*Given information*:
◆ ◆ ◆
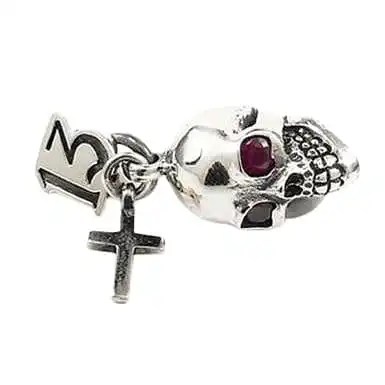 Bikerringshop Sterling Silver Cross Skull Rocker Pendant 5 Bikerringshop Sterling Silver Cross Skull Rocker Pendant - Image 3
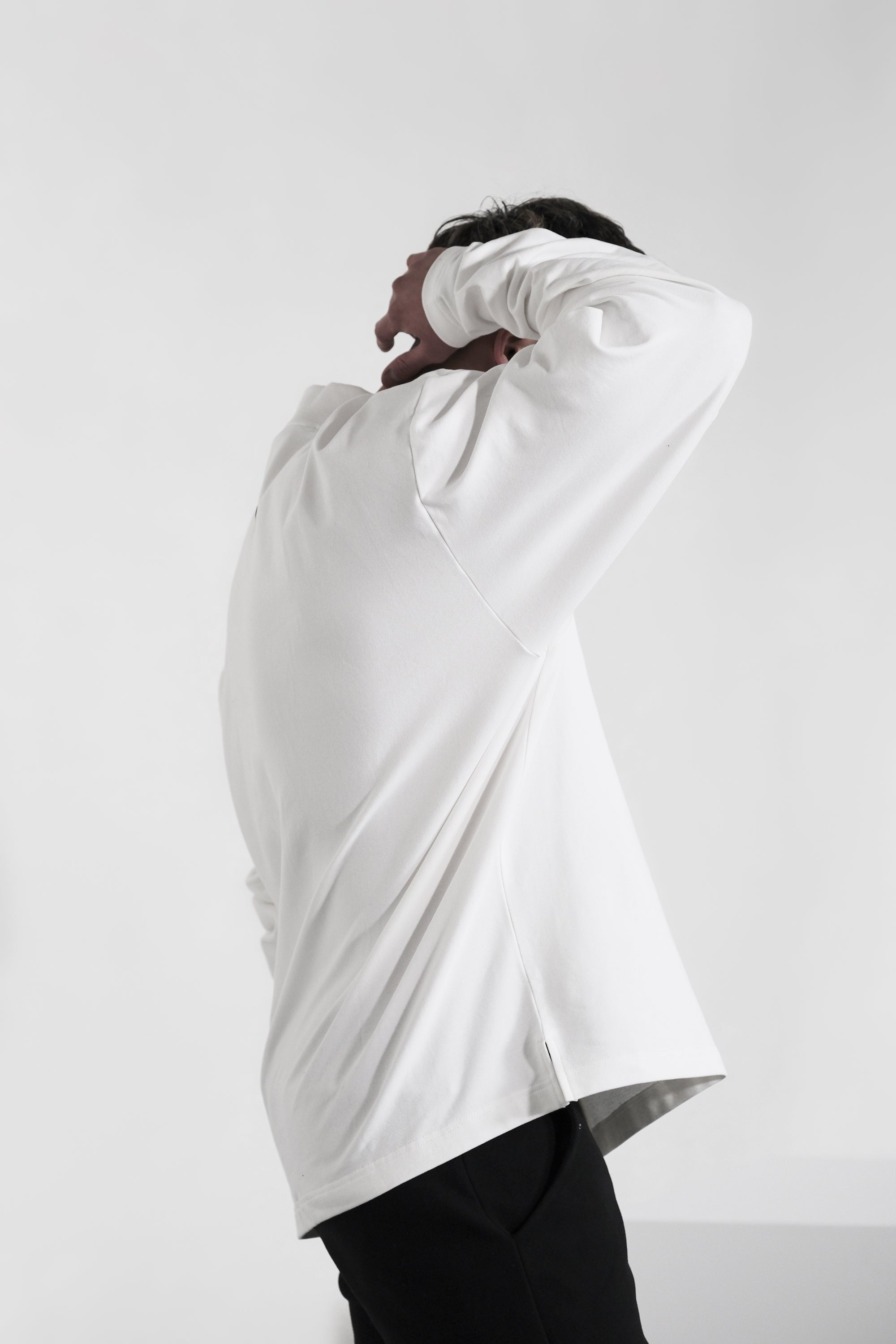 Pvot Mock Neck Long Sleeve T-Shirts (White)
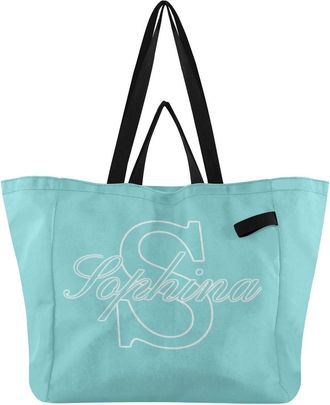 Generic Custom Teal pattern Reusable Canvas Tote Bag, Heavy Duty Grocery Shopping Bag with Large Capacity Double Handles Hard Bottom Work Groceries Travel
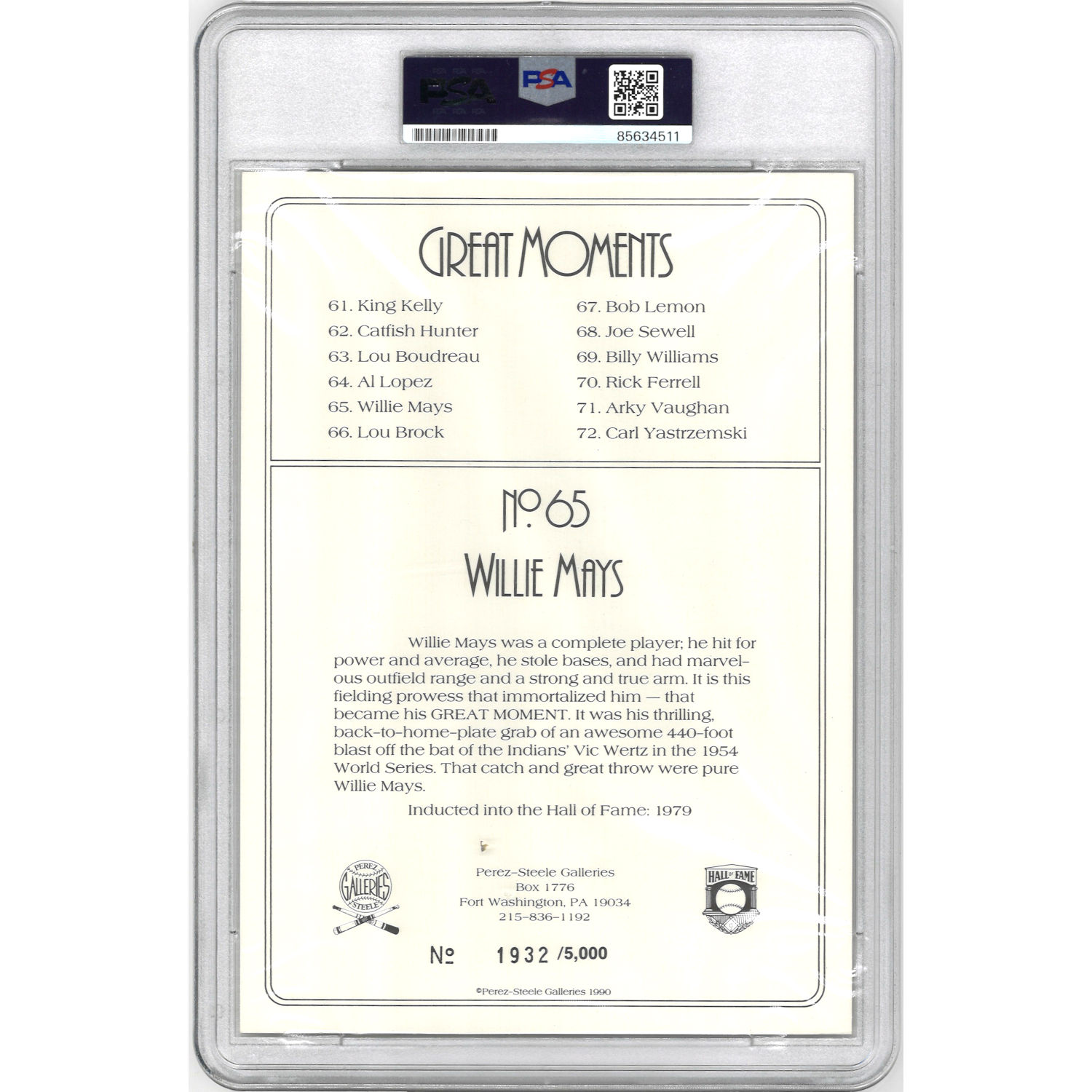 Willie Mays Autographed Perez-Steele Great Moments Jumbo Postcard # 65 (PSA-11)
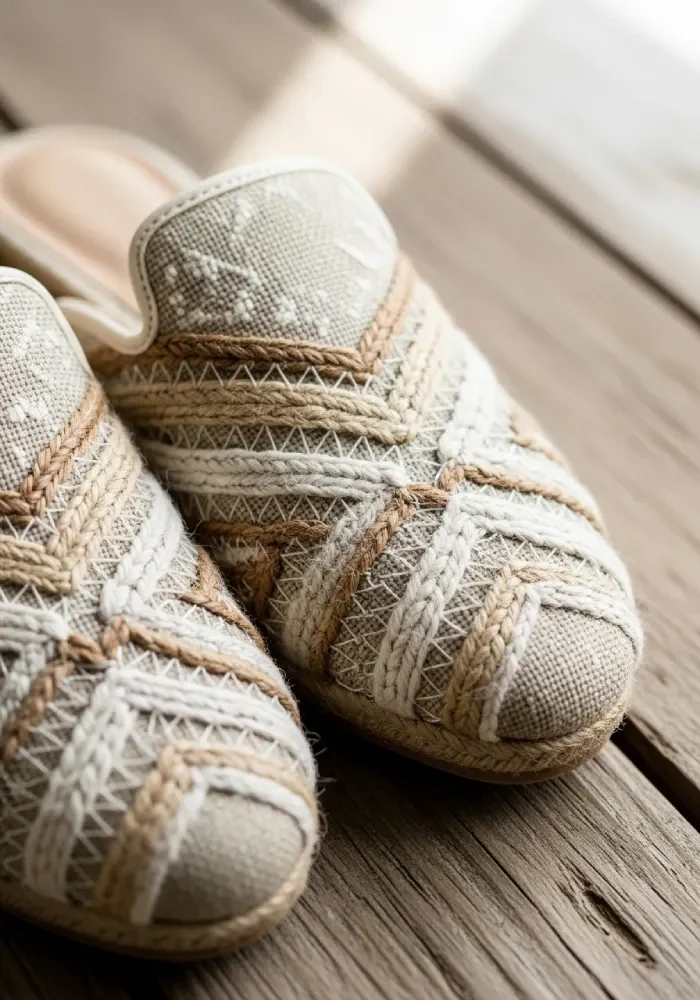 Women’s woven fabric mules made with natural jute and linen, featuring handwoven patterns, perfect for summer and boho style.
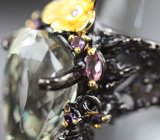Серебряное кольцо с празиолитом, перидотом, родолитом, цитрином, пурпурно-розовым турмалином и аметистами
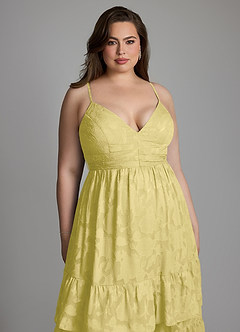 Azazie Nathalia Bridesmaid Dresses Canary A-Line Bow Floral Burnout Dress image11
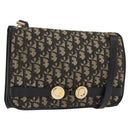 Christian Dior Trotter Canvas Shoulder Bag Black Gold Auth 159274-1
◆ ◆ ◆
*What needs to be done*: Reproduce exactly, with every picture left out, the lines from the one that contains "Серебряное кольцо с" to the final line of the records above.

*Result of the exercise*:
Серебряное кольцо с празиолитом, перидотом, родолитом, цитрином, пурпурно-розовым турмалином и аметистами
 Azazie Nathalia Bridesmaid Dresses Canary A-Line Bow Floral Burnout Dress image11
 Christian Dior Trotter Canvas Shoulder Bag Black Gold Auth 159274-1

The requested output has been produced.